É preciso investir de forma consistente em um sistema multimodal de transporte coletivo, integrado à mobilidade ativa, mas também compreender que a solução não depende apenas do poder público. Sempre que possível, famílias deveriam considerar a proximidade entre moradia, trabalho, escola e serviços ao decidir onde viver. Da mesma forma, empresários e profissionais liberais que tenham liberdade para definir a localização de suas atividades poderiam aproximá-las de suas residências, reduzindo deslocamentos diários que hoje pressionam um sistema viário cuja ampliação custa bilhões de reais. União, Estado e Municípios também poderiam mapear os fluxos de servidores e usuários para orientar a localização de repartições públicas e serviços, buscando reduzir deslocamentos desnecessários e aproximando a burocracia da população que ela atende.

Nada disso, porém, produzirá os resultados esperados sem uma mudança de mentalidade. Ainda existe, em parte da classe média da região, um preconceito em relação ao transporte coletivo que acaba reforçando a dependência do automóvel.
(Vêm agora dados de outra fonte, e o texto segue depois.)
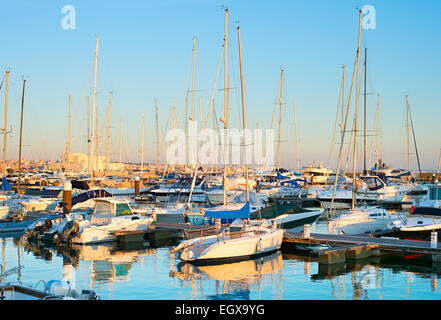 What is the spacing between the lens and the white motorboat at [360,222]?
81.5ft

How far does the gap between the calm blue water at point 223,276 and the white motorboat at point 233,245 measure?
0.40 meters

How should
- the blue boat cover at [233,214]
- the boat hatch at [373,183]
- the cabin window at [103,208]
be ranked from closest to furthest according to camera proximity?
1. the blue boat cover at [233,214]
2. the cabin window at [103,208]
3. the boat hatch at [373,183]

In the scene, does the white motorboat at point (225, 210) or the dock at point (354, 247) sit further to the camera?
the white motorboat at point (225, 210)

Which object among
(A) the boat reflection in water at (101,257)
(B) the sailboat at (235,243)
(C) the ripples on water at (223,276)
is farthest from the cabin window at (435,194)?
(A) the boat reflection in water at (101,257)

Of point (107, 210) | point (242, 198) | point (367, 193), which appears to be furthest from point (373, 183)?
point (107, 210)

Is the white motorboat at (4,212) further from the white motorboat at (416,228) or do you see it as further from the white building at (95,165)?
the white building at (95,165)

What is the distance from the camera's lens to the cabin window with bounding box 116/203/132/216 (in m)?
25.8

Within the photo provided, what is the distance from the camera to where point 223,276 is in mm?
17297

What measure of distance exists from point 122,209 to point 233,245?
8671mm

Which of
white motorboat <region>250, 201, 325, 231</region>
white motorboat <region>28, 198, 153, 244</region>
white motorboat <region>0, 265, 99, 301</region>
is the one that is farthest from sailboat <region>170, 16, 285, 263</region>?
white motorboat <region>0, 265, 99, 301</region>

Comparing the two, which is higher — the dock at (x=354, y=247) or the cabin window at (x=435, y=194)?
the cabin window at (x=435, y=194)

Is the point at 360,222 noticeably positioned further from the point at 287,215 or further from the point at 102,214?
the point at 102,214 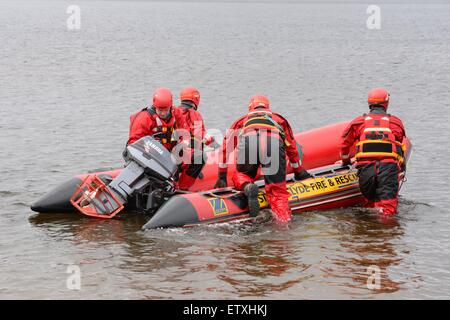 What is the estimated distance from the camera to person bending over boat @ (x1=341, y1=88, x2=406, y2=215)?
9.29 meters

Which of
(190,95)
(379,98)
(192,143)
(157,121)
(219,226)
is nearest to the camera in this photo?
(219,226)

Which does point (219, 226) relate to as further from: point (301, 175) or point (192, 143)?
point (301, 175)

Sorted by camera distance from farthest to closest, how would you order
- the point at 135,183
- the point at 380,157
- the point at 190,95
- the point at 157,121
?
the point at 190,95, the point at 380,157, the point at 157,121, the point at 135,183

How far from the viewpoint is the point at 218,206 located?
8742mm

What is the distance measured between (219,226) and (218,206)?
231 millimetres

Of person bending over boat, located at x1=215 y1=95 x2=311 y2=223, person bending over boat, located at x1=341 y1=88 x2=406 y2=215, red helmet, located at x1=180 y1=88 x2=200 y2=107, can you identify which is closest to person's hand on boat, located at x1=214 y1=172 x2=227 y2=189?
person bending over boat, located at x1=215 y1=95 x2=311 y2=223

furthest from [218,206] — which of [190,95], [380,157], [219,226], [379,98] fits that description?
[379,98]

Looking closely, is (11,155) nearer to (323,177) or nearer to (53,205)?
(53,205)

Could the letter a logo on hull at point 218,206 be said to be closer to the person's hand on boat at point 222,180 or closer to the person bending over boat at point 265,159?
the person bending over boat at point 265,159

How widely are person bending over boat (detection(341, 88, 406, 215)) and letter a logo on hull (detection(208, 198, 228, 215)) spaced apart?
183 centimetres

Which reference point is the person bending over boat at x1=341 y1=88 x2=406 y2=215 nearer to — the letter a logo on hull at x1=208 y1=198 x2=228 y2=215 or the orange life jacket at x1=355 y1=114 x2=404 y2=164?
the orange life jacket at x1=355 y1=114 x2=404 y2=164

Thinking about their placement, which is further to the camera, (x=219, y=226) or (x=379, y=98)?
(x=379, y=98)

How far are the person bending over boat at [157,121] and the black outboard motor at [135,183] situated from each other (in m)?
0.28

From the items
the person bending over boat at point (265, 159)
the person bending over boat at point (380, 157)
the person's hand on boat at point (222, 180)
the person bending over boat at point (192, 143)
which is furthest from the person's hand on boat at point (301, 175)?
the person bending over boat at point (192, 143) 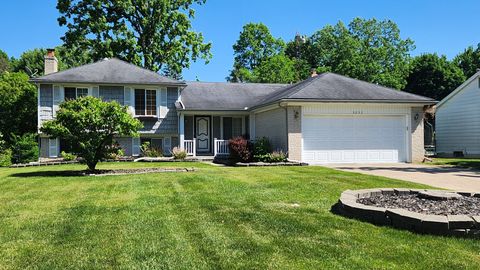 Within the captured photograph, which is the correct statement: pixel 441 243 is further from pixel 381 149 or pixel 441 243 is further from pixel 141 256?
pixel 381 149

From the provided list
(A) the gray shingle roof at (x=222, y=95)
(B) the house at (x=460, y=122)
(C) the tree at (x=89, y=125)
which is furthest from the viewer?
(B) the house at (x=460, y=122)

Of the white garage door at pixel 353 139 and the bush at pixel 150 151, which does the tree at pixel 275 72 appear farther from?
the white garage door at pixel 353 139

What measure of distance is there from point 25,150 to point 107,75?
5.52 m

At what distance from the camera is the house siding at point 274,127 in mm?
18141

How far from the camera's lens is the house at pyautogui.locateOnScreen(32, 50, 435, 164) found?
18.0m

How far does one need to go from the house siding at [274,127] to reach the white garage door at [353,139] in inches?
34.6

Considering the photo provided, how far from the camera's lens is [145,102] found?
22578 millimetres

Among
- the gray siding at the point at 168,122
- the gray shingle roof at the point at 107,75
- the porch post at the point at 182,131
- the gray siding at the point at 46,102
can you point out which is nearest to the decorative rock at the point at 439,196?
the porch post at the point at 182,131

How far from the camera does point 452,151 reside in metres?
26.2

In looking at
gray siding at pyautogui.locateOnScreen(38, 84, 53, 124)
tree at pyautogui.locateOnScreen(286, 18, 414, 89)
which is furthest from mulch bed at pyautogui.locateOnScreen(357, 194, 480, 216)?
tree at pyautogui.locateOnScreen(286, 18, 414, 89)

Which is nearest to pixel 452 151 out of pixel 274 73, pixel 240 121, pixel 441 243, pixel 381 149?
pixel 381 149

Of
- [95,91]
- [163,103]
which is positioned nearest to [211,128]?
[163,103]

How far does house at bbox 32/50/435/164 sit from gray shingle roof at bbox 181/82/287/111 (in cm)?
5

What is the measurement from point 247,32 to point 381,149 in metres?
34.1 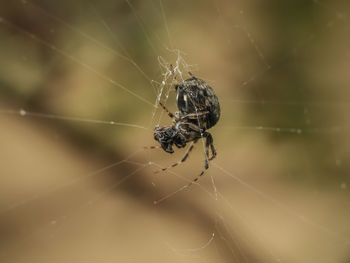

Parece inacreditável, mas há quem sinta constrangimento em ser visto em um ponto de ônibus ou desembarcando dele. Curiosamente, esse estigma quase não existe nos extremos sociais: os mais pobres utilizam o transporte coletivo naturalmente, enquanto os mais ricos, em geral, não sentem necessidade de afirmar seu status por meio do automóvel.

Enquanto a mobilidade continuar sendo tratada apenas como um problema de engenharia, e não também de planejamento urbano, escolhas racionais de localização e comportamento coletivo, os congestionamentos continuarão crescendo, independentemente do volume de investimentos em novas obras viárias.